The Vodka-Red-Bull Placebo Effect
People take more risks when downing caffeine-and-alcohol cocktails—but only if they know what they’re drinking.
The Atlantic
By Veronique Greenwood
June 8, 2017
Mixing an energy drink with alcohol might seem fairly innocuous, but it has been linked with ugly tendencies. A 2013 study found that people were twice as likely to be involved in an alcohol-linked car wreck or a sexual assault if they consumed an energy-drink-and-alcohol cocktail, compared to those who drank just alcohol. In 2010, the FDA banned the sale of pre-packaged caffeine-and-alcohol drinks, citing the possibility that caffeine might mask alcohol’s effects, making people drink too much, too fast.
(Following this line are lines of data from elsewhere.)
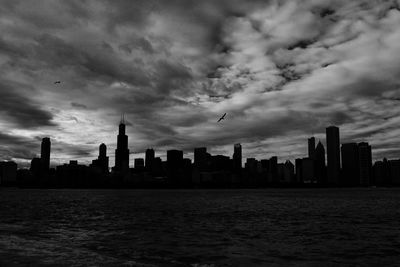 Sea by modern buildings against sky in city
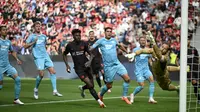 Bek Bayer Leverkusen asal Inggris #04, Jarell Quansah (tak terlihat), mencetak gol 1-0 melewati kiper Hoffenheim asal Jerman #37 Luca Philipp (kanan) dalam pertandingan divisi satu Bundesliga Jerman antara Bayer 04 Leverkusen dan TSG 1899 Hoffenheim di Leverkusen, Jerman Barat pada 23 Agustus 2025. (INA FASSBENDER/AFP)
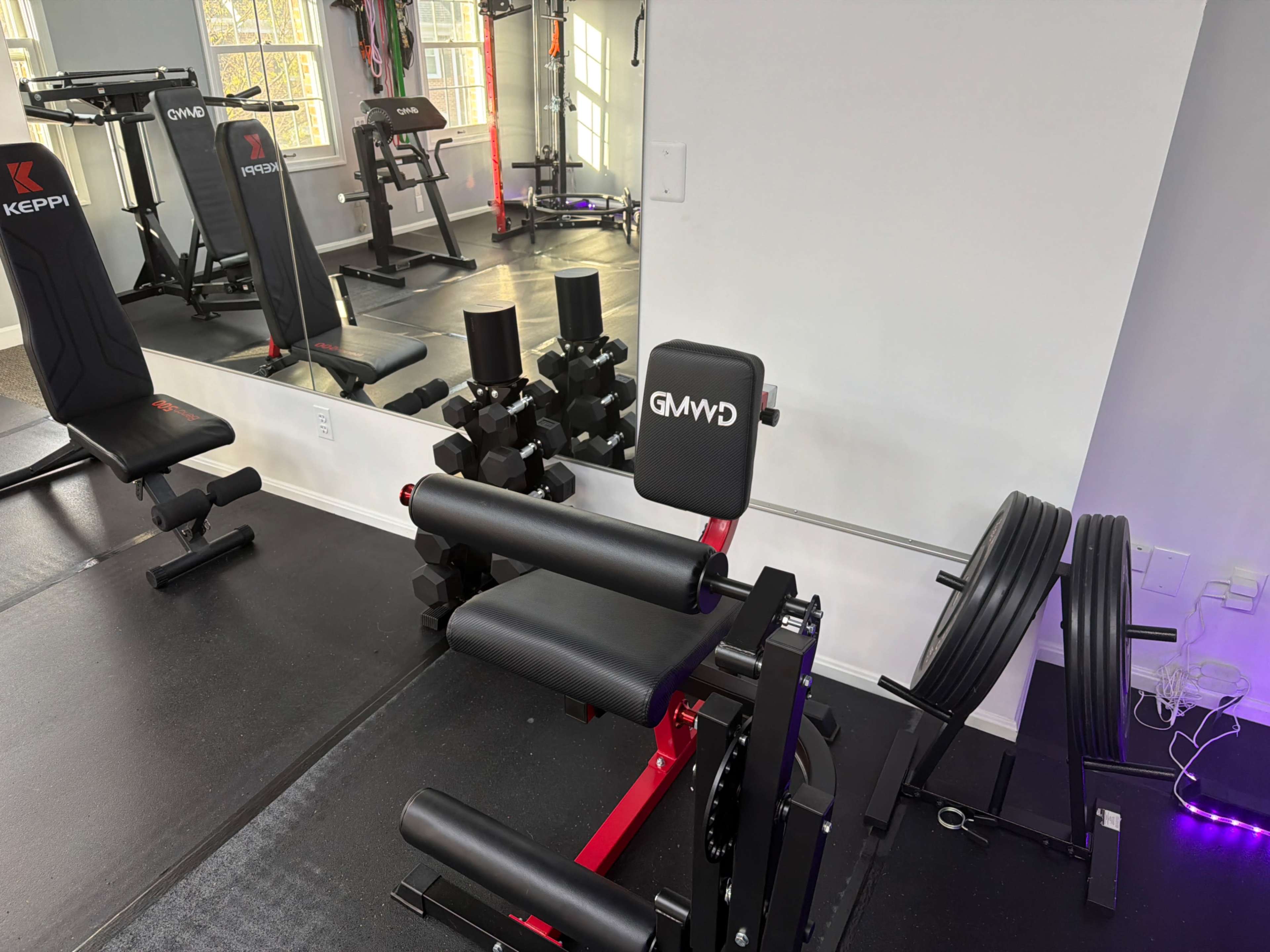 The image shows a home gym setup with a black and red piece of exercise equipment, free weights, and a mirrored wall reflecting additional gym equipment in the background.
A new study suggests that a psychological effect may be involved in riskier behavior after consuming energy-drink cocktails. People feel and act much drunker if their drink is labeled “vodka-Red Bull cocktail” than if the exact same drink is labeled as something else, found marketing researchers from Paris’s INSEAD business school and the University of Michigan. Furthermore, if the subjects already believed the mixture made you drunker, the effect was stronger.
For the study, 154 young Parisian men were asked, among other things, whether they believed energy drinks intensified the effects of alcohol. Each drank the same cocktail of vodka, fruit juice, and Red Bull Silver Edition, but a third of the drinks were labeled as “vodka cocktail,” a third as “fruit juice cocktail,” and a third as “vodka-Red Bull cocktail.”
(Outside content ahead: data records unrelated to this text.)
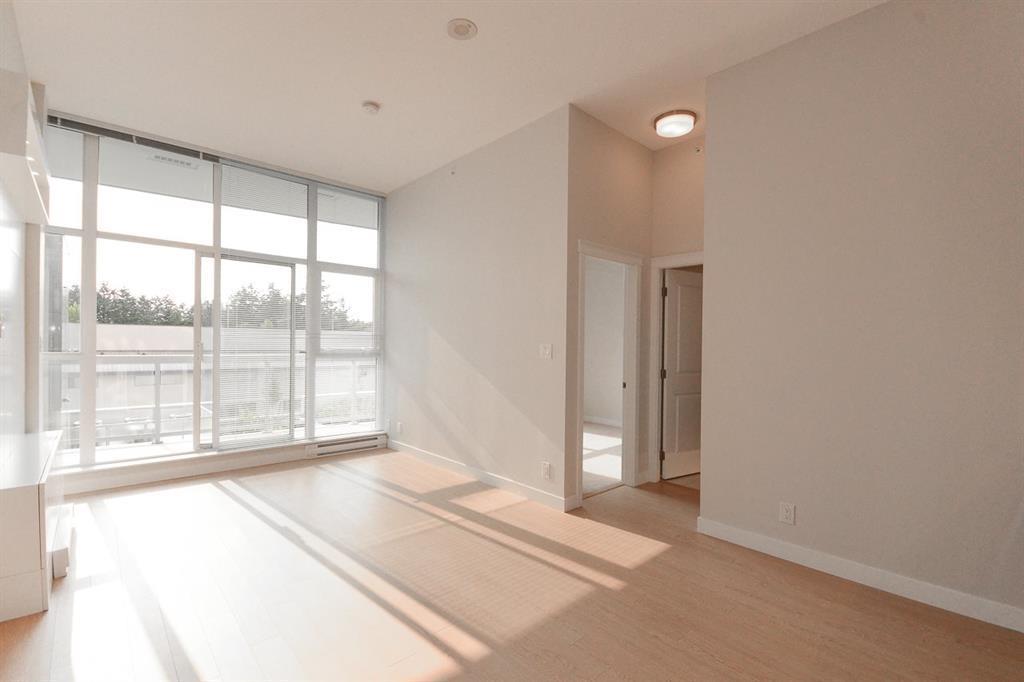 A room with a large window and a door.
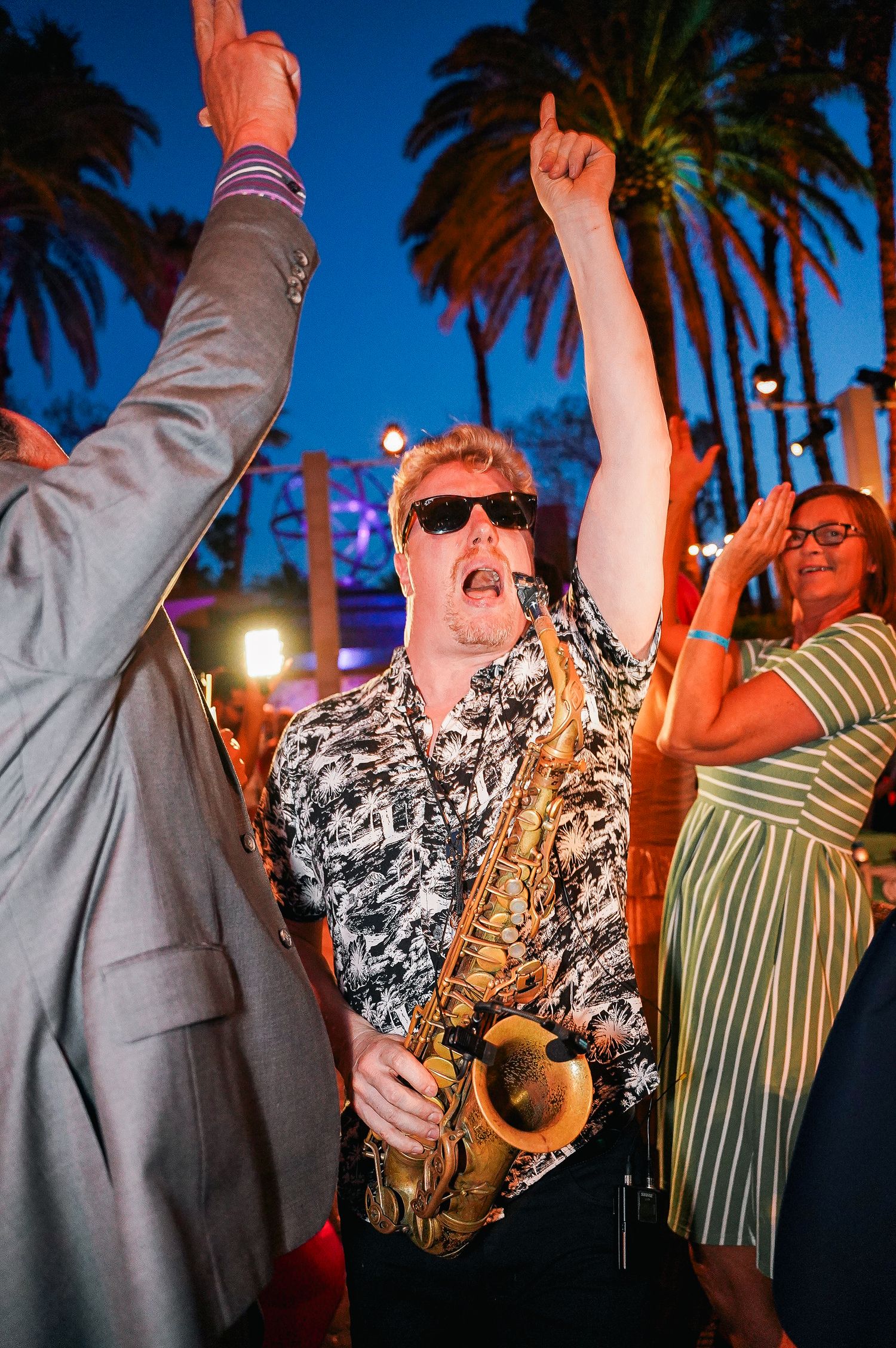 Outdoor evening celebration with palm trees and party guests raising their hands.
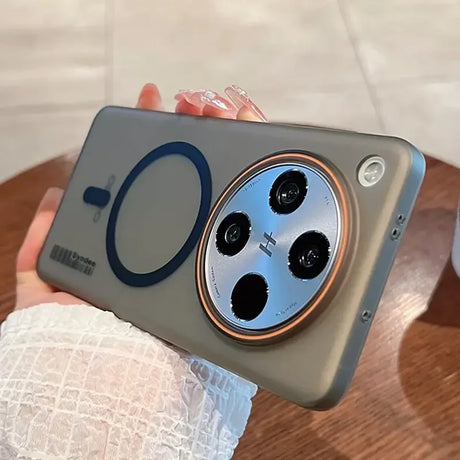A sleek, grey smartphone in a protective case with a prominent circular camera module and a magnetic charging ring.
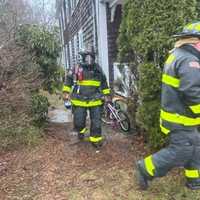 <p>A firefighter wearing a mask.</p>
After they downed their drinks, the subjects were given three tasks. First, they played a gambling game on a computer, in which they won money each time they inflated a balloon a little farther, but each inflation came with a chance the balloon would pop and they would lose everything. Second, they were shown photographs of 15 women and asked whether they’d approach each in a bar and whether they thought they would get her number (the subjects were all heterosexual). Finally, they filled out surveys describing how drunk they had felt during the experiment and how long they would wait before getting behind the wheel to drive, among other points.
The results showed a clear trend. The vodka-Red Bull group—who, just to remind you, drank exactly the same thing as everyone else—reported feeling much drunker and took more risks than the others, with a 12-percent increase in pumps to the balloon. They were also more confident when it came to approaching women, expressing greater certainty of getting their numbers. In fact, the vodka-Red Bull group focused strongly on the five women who were rated the most beautiful of the 15 (ranking was done by a separate group beforehand). “No one thought they were beyond their league,” Pierre Chandon, one of the study’s authors at INSEAD, says of this group. “People who had the same drink with fruit juice, they thought these same women were beyond their reach and were much less likely to go after them.”
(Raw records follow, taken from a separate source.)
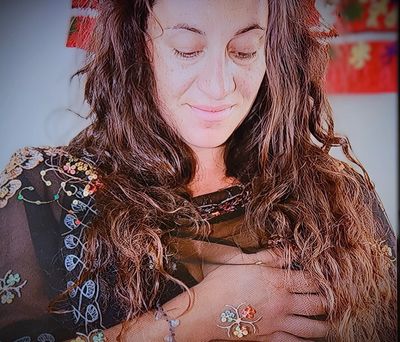Photo of Natasha Bebonis, creative behind Sacred Emanations with hands on heart in about section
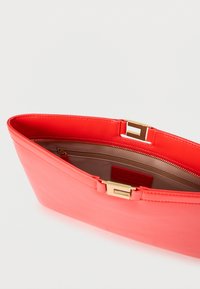 Φάκελος από δέρμα κοραλλί με ορθογώνιο χρυσό κούμπωμα, ανοιχτό πάνω μέρος που αποκαλύπτει το μπεζ εσωτερικό επένδυμα και εσωτερική τσέπη με φερμουάρ.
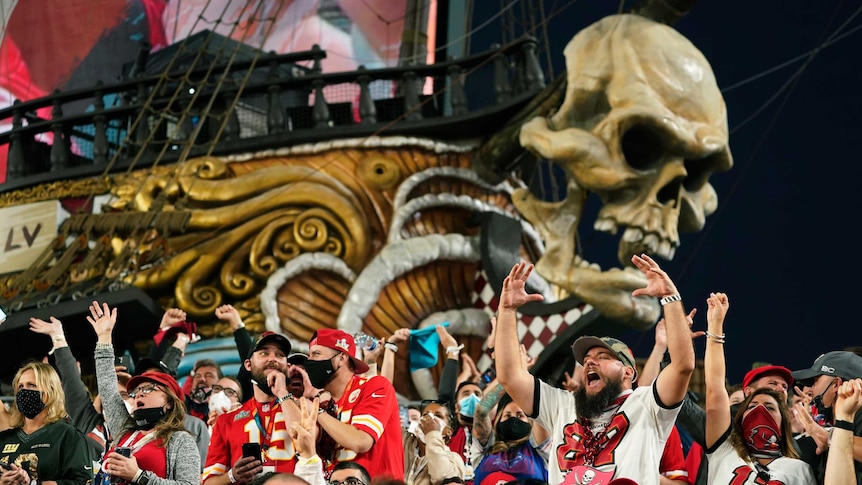 Super Bowl fans cheer in front of a pirate ship adorned with a skull at a stadium in Tampa.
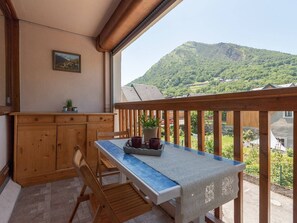 Un balcón con mesa y sillas de madera, una pequeña barra y vistas a la montaña.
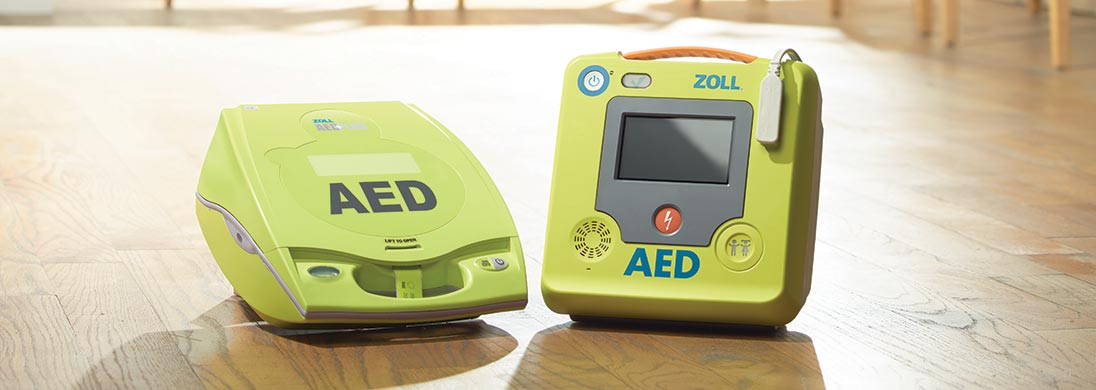 Zoll AED Plus Defibrillator on wooden floor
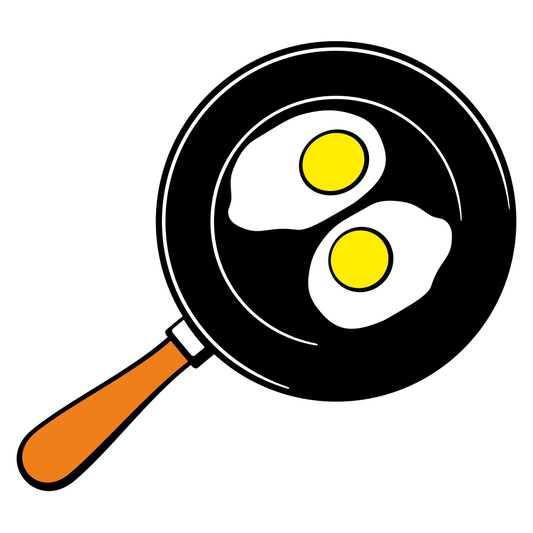 Fried eggs sizzling in black frying pan ready for breakfast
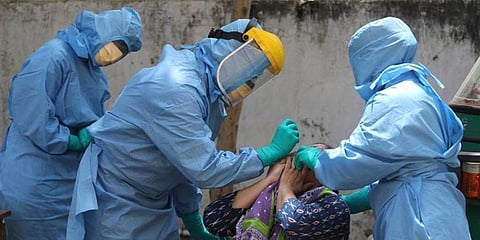 Health workers in PPE suits take the swab sample of a person. (File | PTI)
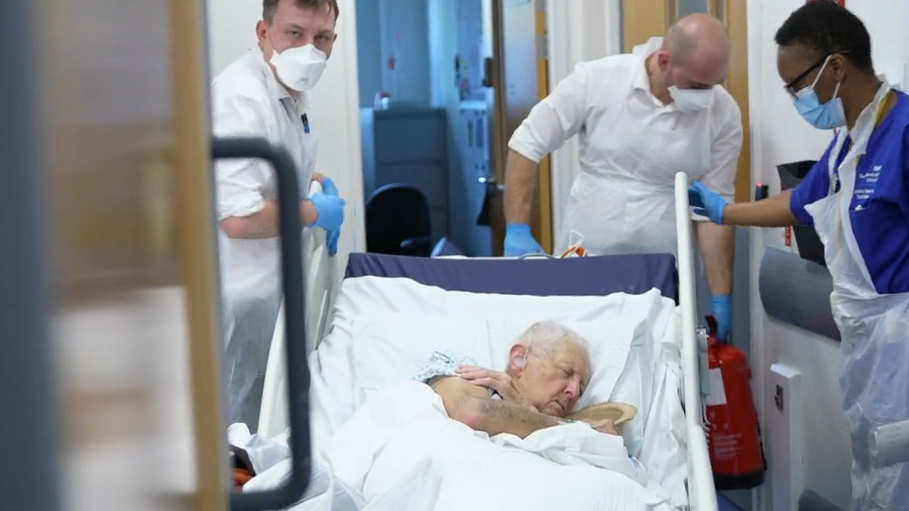 Hospital staff wheel Percy, clutching a sick bowl in his trolley, down a corridor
In all these measures, the effects were stronger in men who said in the surveys that they believe mixing energy drinks and alcohol intensifies the effects, and that alcohol makes you take risks and reduces inhibitions. That suggests that the altered behavior, says Chandon, “is not because of what [the drink] contains, but because of what you believe it does to you.”
This connects to a large body of research indicating a placebo effect is at play in how we respond to alcohol. While it is sometimes difficult to set up experiments correctly—alcohol has a hard-to-mask taste, and its absence can be recognizable to subjects—people told they are drinking booze report feeling more drunk than controls consuming the same non-alcoholic beverage. People drinking beer that’s, unbeknownst to them, non-alcoholic, report feeling more charming and attractive than people knowingly consuming it. (Sober observers watching videos of their behavior, however, did not agree.) Exactly which behaviors a placebo effect may alter, and in what way, seems to depend on a number of factors, though. Some research indicates that placebo subjects can be more alert to the potential effects of alcohol and thus more careful.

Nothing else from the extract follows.